The developments in the Middle East are sure to determine where the region will be headed in the coming decades. The Biden administration’s policy directed at pampering the Iranian regime and hoping that they will make a pinky promise not to build a nuclear weapon is very childish. Saudi Arabia and Abraham Acord member countries have realised the futility of Biden’s Middle East policy. And as Biden embraces Iran, Saudi Arabia is taking the reasonable option and embracing Israel.
Any potential deal to normalise relations between Saudi Arabia and Israel would benefit the Middle East but depends on the progress of the peace process between Israelis and Palestinians, the Kingdom’s foreign minister said on Thursday. The foreign minister added, however, that any potential deal would only be possible if progress towards peace between Israel and Palestine is made.
These developments should be seen in the backdrop of the fact that normally Saudi Arabia does not even make any considerable attempts to even accept any possibility of any normalisation of relations between Saudi Arabia and Israel.
Iran has become too confident given the kind of importance the Biden administration is giving it. Iran’s hardliners early last month admitted that Tehran had attacked an Israeli ship, MV Helios Ray, off the coast of Oman in late February. In addition to this, a missile attack launched by Iran backed Yemen’s Houthi rebels on Riyadh had been thwarted and threats to the Saudi oil wells are not subsiding. These are just a few examples of offensive Iran’s proxies are conducting on Saudi Arabia and Israel.
Because of the weak leadership of Joe Biden and his continuous alienation of its all-weather allies in the Middle East, Iran is feeling emboldened. Iran knows that Joe Biden will turn a blind eye on its actions in the region in hopes that Tehran returns to comply with the JCPOA, and in the meantime, it can take all the offensive measures via its proxies with impunity.
Prince Faisal said, “I don’t know if (a deal is) imminent, it’s very much dependent on progress with the peace process,”. “There is, of course, a normalisation deal on the table — it has been on the table since 2002; it’s called the Arab peace plan. And even before that, we had the Fez initiative, which was presented by the Kingdom in 1982 and puts forward the prospect of full and complete normalization with Israel in return for a just settlement to the Palestinian issue”.
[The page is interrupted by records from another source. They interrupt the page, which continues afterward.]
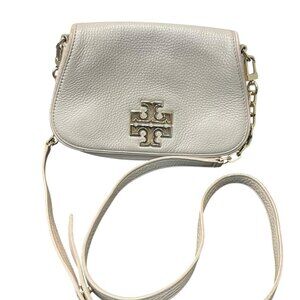 GUC TORY BURCH SIGNED BEIGE LEATHER CROSSBODY CHAIN STRAP X-OVER SMALL BAG PURSE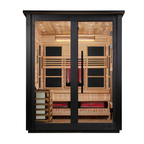Golden Designs "Loviisa" 3 Person, 2 Tone Barn Hybrid (PureTech™ Full Spectrum IR or Traditional Stove) Outdoor Sauna (GDI-8523-03) | MPB fit frame 1000x1000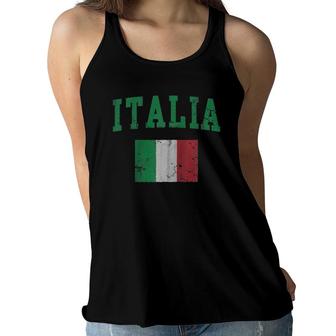 Vintage Italia Flag Italian Italy Italiano Men Women Kids Raglan Baseball Tee Women Flowy Tank - Seseable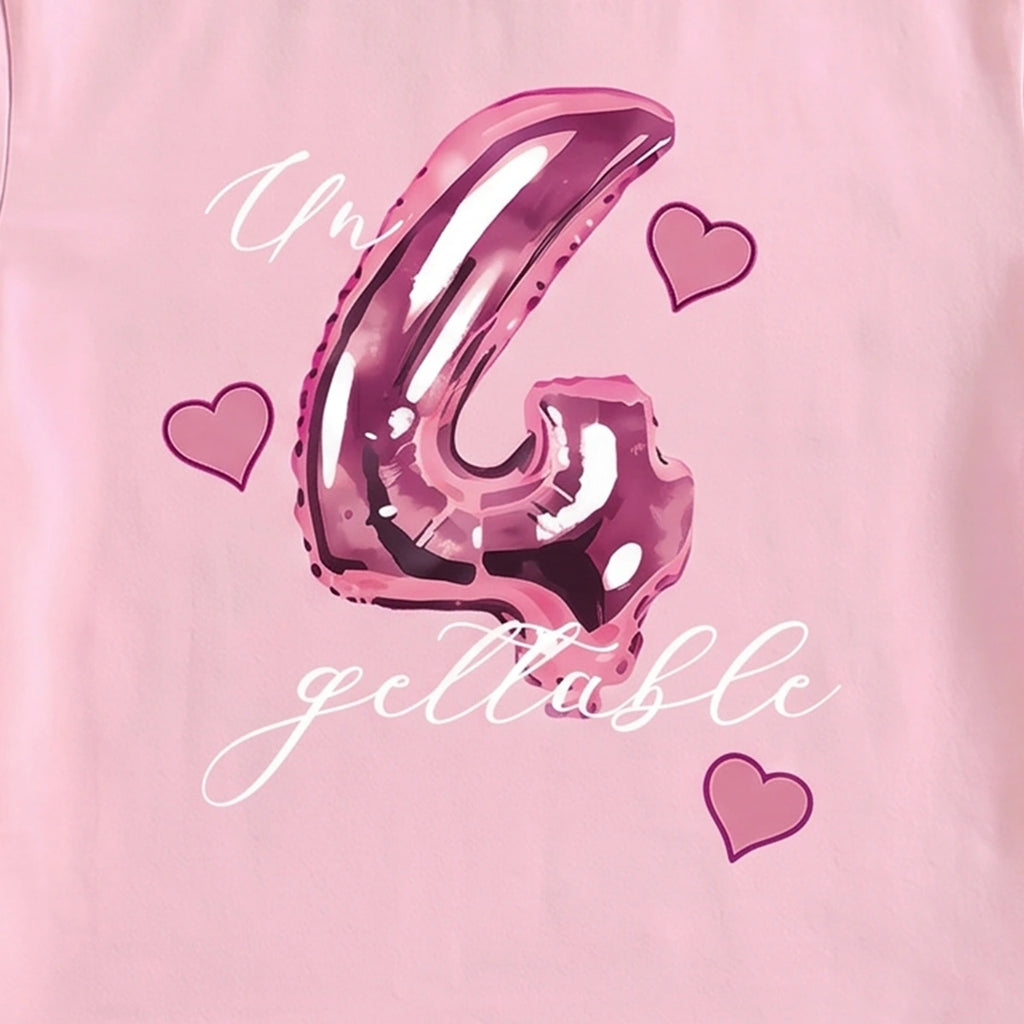 Girls Pink Heart Print Short Sleeve T-Shirt Tshirts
“Now, normalisation in the region can only be successful if we address the issue of the Palestinians and if we can deliver a Palestinian state within the 1967 borders that give the Palestinians dignity and gives them their rights. If we can find a path towards that, then I think we can see a much, much safer region and a much more prosperous one where everybody can contribute to its success, including Israel,” he continued.
The fact that the Kingdom of Saudi Arabia is now considering a peace deal with Israel and the normalisation of relations, after giving a go-ahead to other gulf allies, tells us how the temperature in the Middle East is changing.